According to my theory, you are absolutely right that a downthrottled Spitfire Mk IX could, in theory, downthrottle to improve its sustained turn rate. It could then possibly best a Spitfire Mk V, and could also in theory also best a FW-190A, despite the FW-190A's shorter nose, because the Spitfire has a much lighter wing loading.
(The short nose allows less "pull-out-of-the-turn" leverage, meaning that for a given level of power the short nose's turn-induced OFF-center "tendency to go straight" pull (off center because of the turn) taxes the wingloading less for the effort of lifting the nose: The short nose means off-center is LESS off-center: Less press-down leverage on the wings to lift the nose... This "leverage" does not apply to jet propulsion, which thrust has little, almost none, wingload-increasing thrust leverage since thrusting is from behind the wing's center of lift, which is also the pivot point used to lift the nose.
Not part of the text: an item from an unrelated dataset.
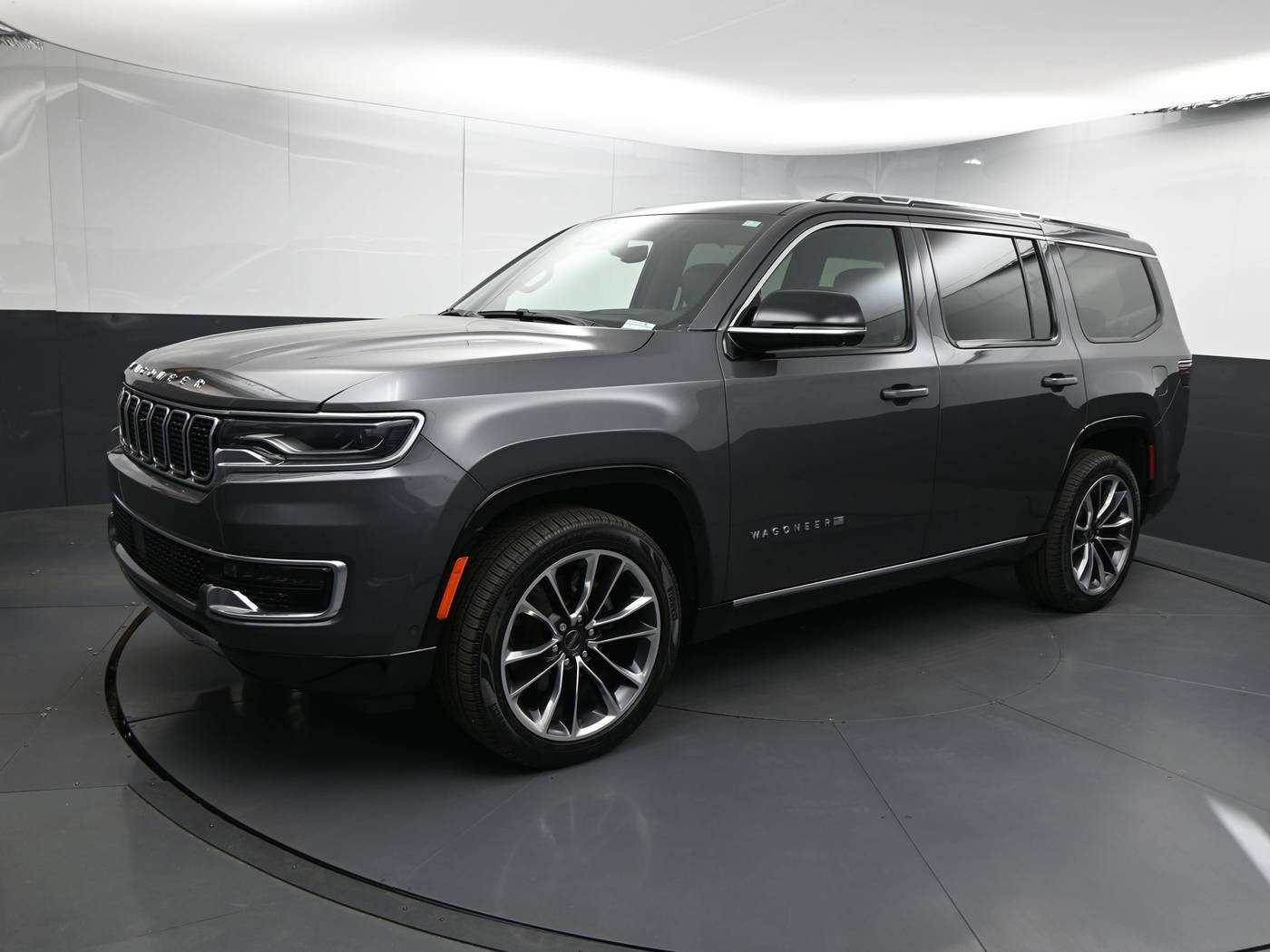 2023 Jeep Wagoneer Series III — SUV — 30,815 mi — Greenville, SC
Don't buy the nonsense that this pivot point is 500-700 ft. up in the center of the turn BTW...)
There are many other unpredictable, non-linear issues with sustained nose traction turn performance: I think aircrafts like the Me-109G can turn more tightly initially than a FW-190A or P-51D, but are for some reason aerodynamically "dirtier" while turning, and thus cannot sustain speed in a sustained turn to compete with these two: Oseau demise witness: "His Me-109G6/AS slowed down more in turns than his adversaries (P-51Ds). I had told Oseau the FW-190A was better than the Me-109G" Leo Shuchmacher of II/JG1. "Jagdwaffe Vol. 5 section 3, p.202 . Robert Forsyth.
The problem is that I am only aware of three European fighters where downthrottling was described to improve prolonged sustained flat turns: In theory it should work the same for all, but for some reason was not described for all...
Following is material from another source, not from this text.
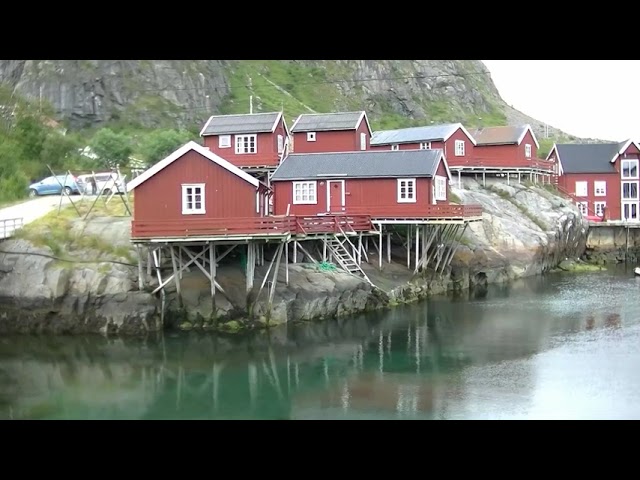 Norwegia - Ai Lofoten i Mortsund (subtitles POL, NOR, ENG, SPA)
The 3 Euro fighters where it IS described are the FW-190A, the Me-109G and the Merlin P-51 (in quite a dramatic fashion for this last one).
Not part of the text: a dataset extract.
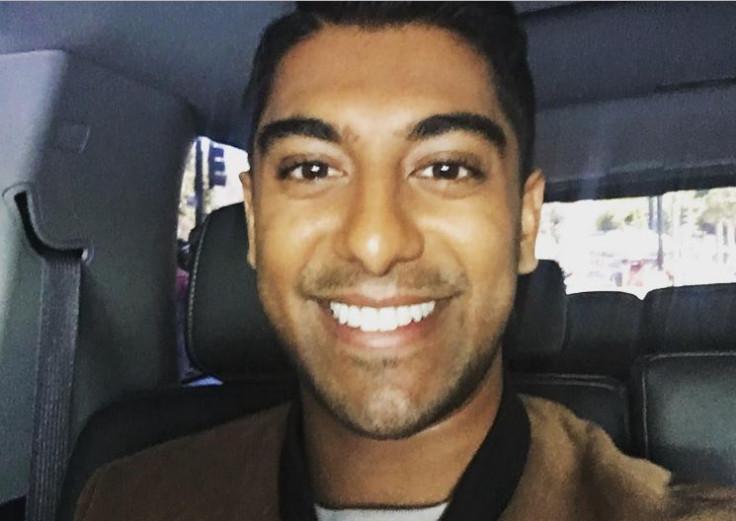 Stitchers star Ritesh Rajan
I never read it described for the P-47 despite reading thousands of combat reports, so it could be that peculiarities of both the P-47D and the Spitfire made sustained downthrottling unprofitable for these two types...
What do the P-47D and the Spitfire have in common? Surprisingly they have many handling similarities: They are both very light on the elevator controls at high speeds, but above 300 MPH the Spitfire is probably a bit more skittish, being saddled instead with a peculiar "mushing" tendency that allows it to raise its nose without tightening the turn, but instead allows it to shoot accross the circle with perfect 3 axis control while in a high speed "stall" (which is not a stall because of the full 3 axis control)...
Apparently you could not, above 250-300 MPH, pull back the Spitfire's stick top more than 3/4 of an inch without going into this "mushing" condition, but you could push your luck briefly to shoot "accross" the circle, "as if" you turned much tighter than in reality you could...
And yet, Spitfire dive pull-outs were very impressive, with little apparent tendency to tail-sink nose-up, and could be accomplished so harshly that the wings could be bent: Exact same issue with the P-47D, but the P-47D was stronger.
I think above 250-300 MPH a P-47D Razorback with needle tip prop will slightly out-turn a Spitfire, just like it does the Me-109G at ALL speeds, if for some reason mainly to the left... "The (needle-tip P-47D out-turns our Me-109G" On Special missions, Kg 200 (German-captured P-47D test conclusions: Look it up).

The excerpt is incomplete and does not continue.